04 I = [0 1 0 -1]; 04 I=matlabarray([0,1,0,- 1])

05 J = [1 0 -1 0]; 05 J=matlabarray([1,0,- 1,0])

06 a = ai; 06 a=copy_(ai)

07 mv = []; 07 mv=matlabarray([])

==== ========================================================

04 Matlab array indexing starts with one; python indexing

starts with zero. New class ``matlabarray`` derives from

``ndarray``, but exposes matlab array behaviour. For

example, ``matlabarray`` instances always have at least

two dimensions -- the shape of ``I`` and ``J`` is [1 4].

---- --------------------------------------------------------

06 Matlab array assignment implies copying; python

assignment implies data sharing. We use explicit copy

here.

---- --------------------------------------------------------

07 Empty ``matlabarray`` object is created, and then

extended at line 28. Extending arrays by

out-of-bounds assignment is deprecated in matlab, but

is widely used never the less. Python ``ndarray``

can't be resized except in some special cases.

Instances of ``matlabarray`` can be resized except

where it is too expensive.

==== ========================================================

.. code:: matlab

08 while ~isequal(af,a) 08 while not isequal_(af,a):

09 bid = ceil(rand*nBlocks); 09 bid=ceil_(rand_() * nBlocks)

10 [i,j] = find(a==bid); 10 i,j=find_(a == bid,nargout=2)

11 r = ceil(rand*4); 11 r=ceil_(rand_() * 4)

12 ni = i + I(r); 12 ni=i + I[r]

13 nj = j + J(r); 13 nj=j + J[r]

==== ========================================================

09 Matlab functions of zero arguments, such as

``rand``, can be used without parentheses. In python,

parentheses are required. To detect such cases, used

but undefined variables are assumed to be functions.

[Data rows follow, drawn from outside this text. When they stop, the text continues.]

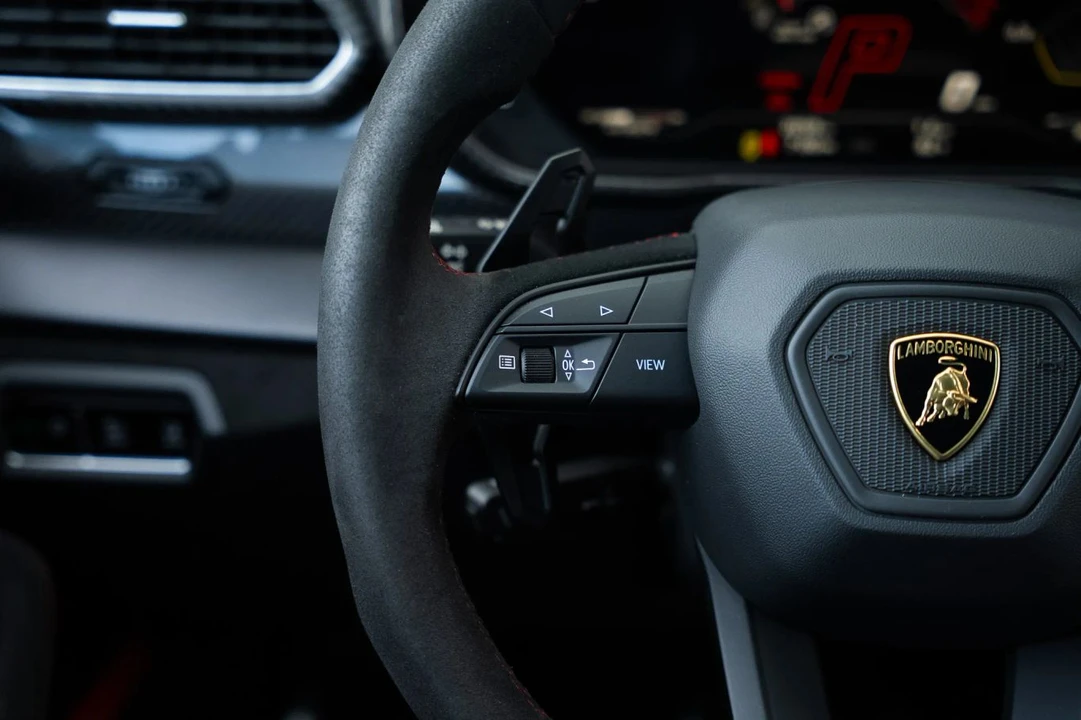 2024 Lamborghini Urus Performante - Image 27 of 31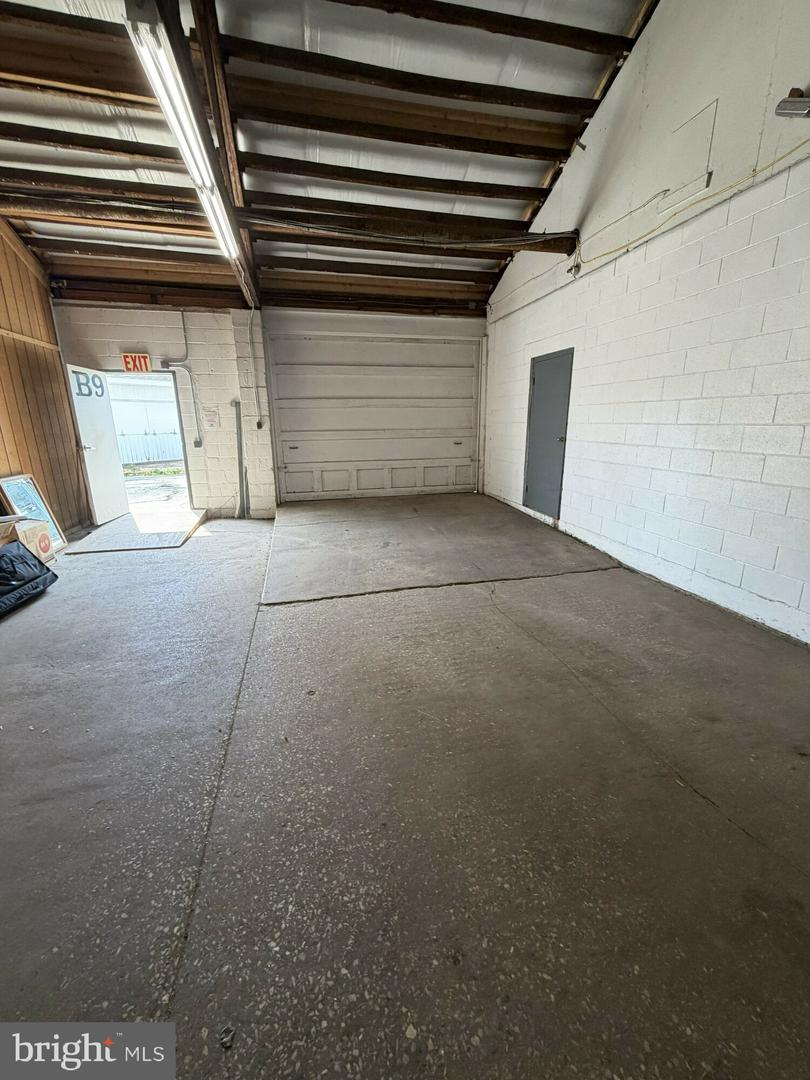 Railroad Ave Property Photo 25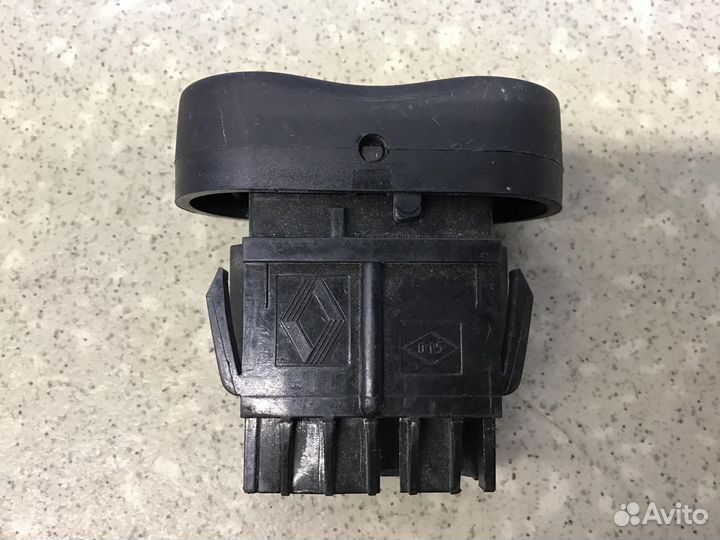 Кнопка многофункциональная Renault Logan 2005-2014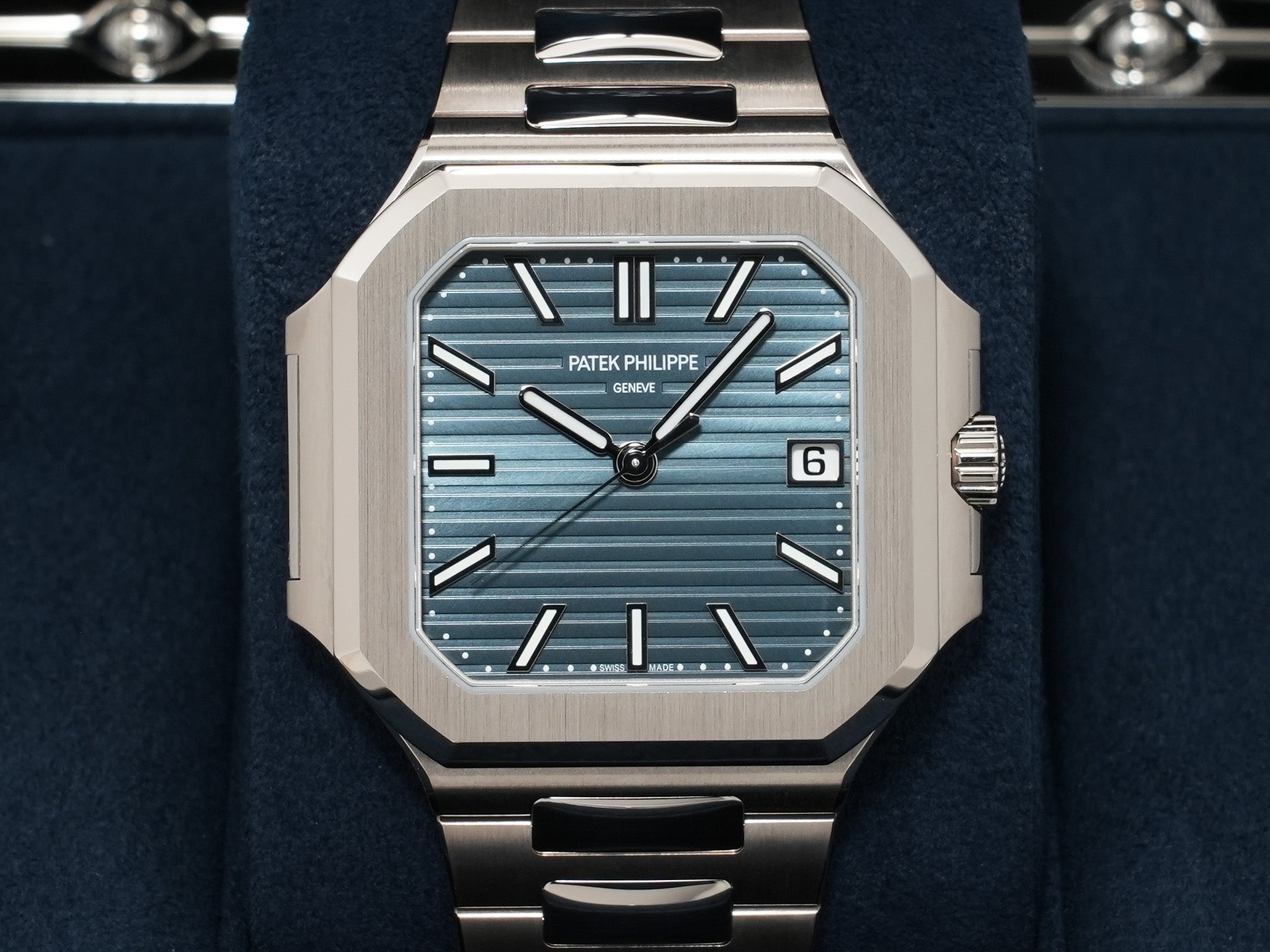 Patek Philippe Cubitus Ref. 7128/1G-001 White Gold Blue-Gray Dial Unused zgjqxrr4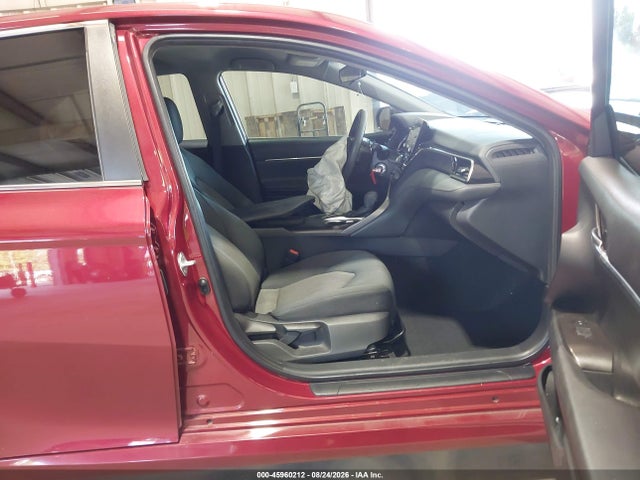 Продаж на аукціоні авто 2022 Toyota Camry Le, vin: 4T1C11AKXNU675981, номер лоту: 45960212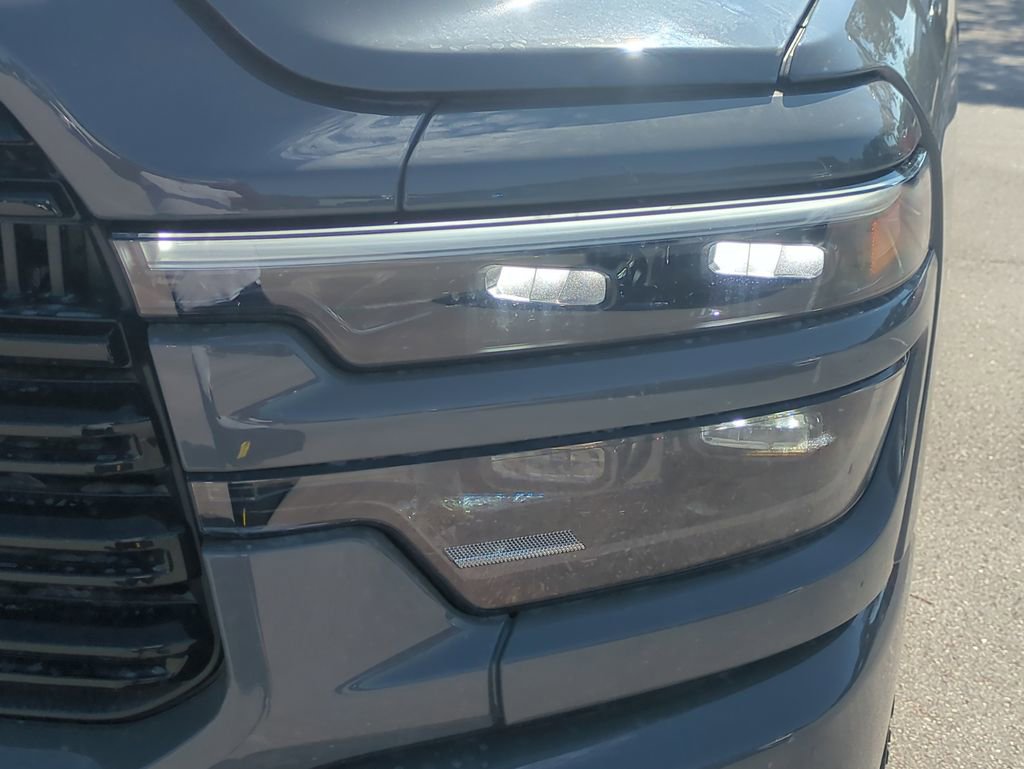 New 2026 RAM 3500 Laramie AWD/4WD image 10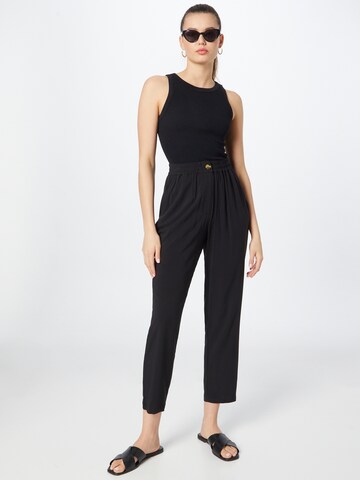 Soft Rebels Regular Pleat-Front Pants 'Brianna' in Black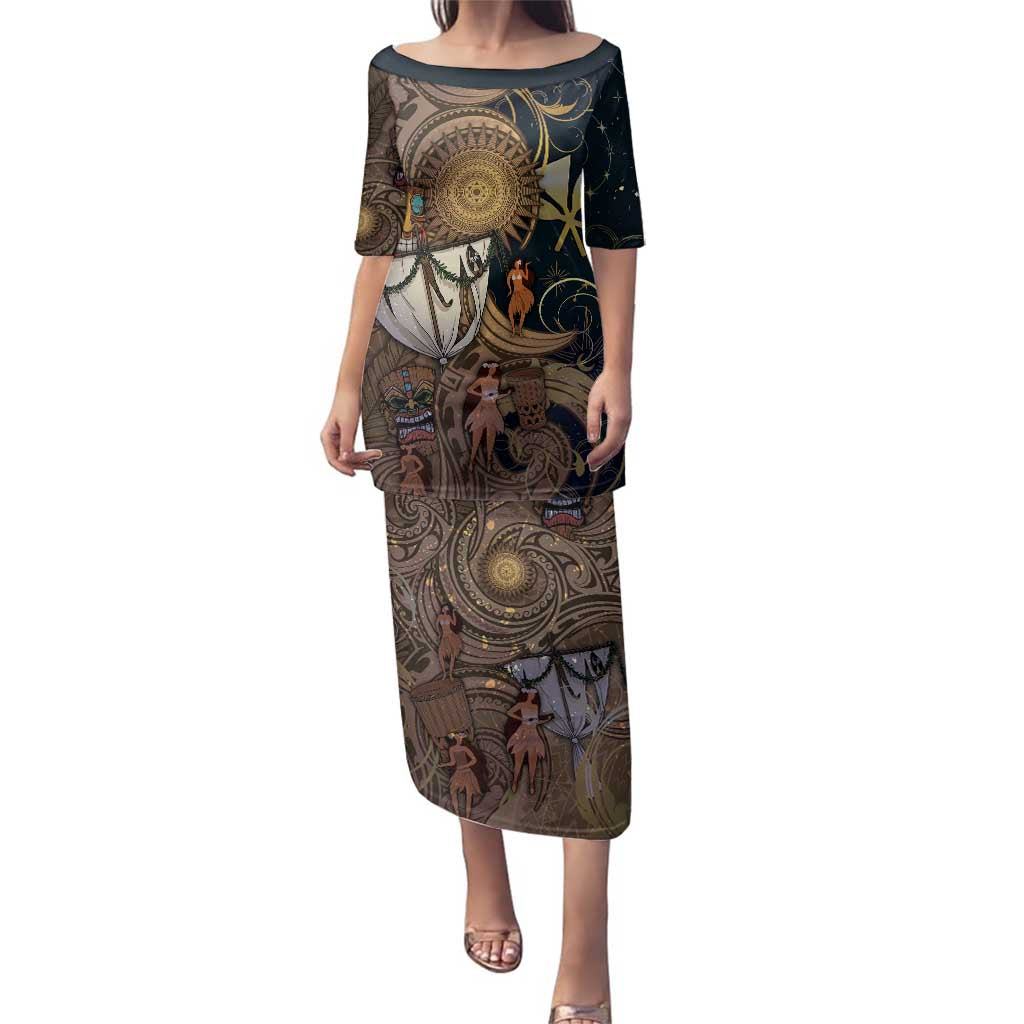 Hawaii Makahiki Family Matching Puletasi and Hawaiian Shirt Polynesian Sky And Earth DT05 Mom's Dress Gold - Polynesian Pride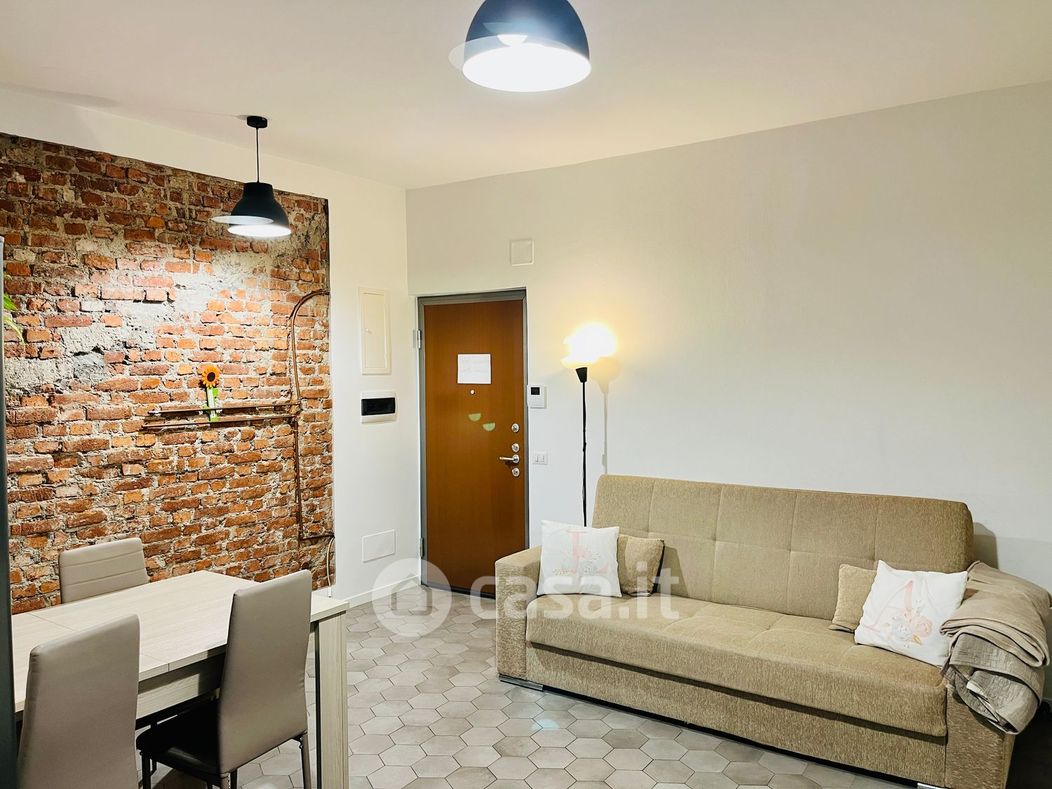 Appartamento in Affitto in Via Rutilia 19 a Milano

---- --------------------------------------------------------

10 The expected number of return values from the matlab

function ``find`` is explicitly passed in ``nargout``.

---- --------------------------------------------------------

12 Variables I and J contain instances of the new class

``matlabarray``, which among other features uses one

based array indexing.

==== ========================================================

.. code:: matlab

14 if (ni<1) || (ni>m) || 14 if (ni < 1) or (ni > m) or

(nj<1) || (nj>n) (nj < 1) or (nj > n):

15 continue 15 continue

16 end 16

17 if a(ni,nj)>0 17 if a[ni,nj] > 0:

18 continue 18 continue

19 end 19

20 [ti,tj] = find(af==bid); 20 ti,tj=find_(af == bid,nargout=2)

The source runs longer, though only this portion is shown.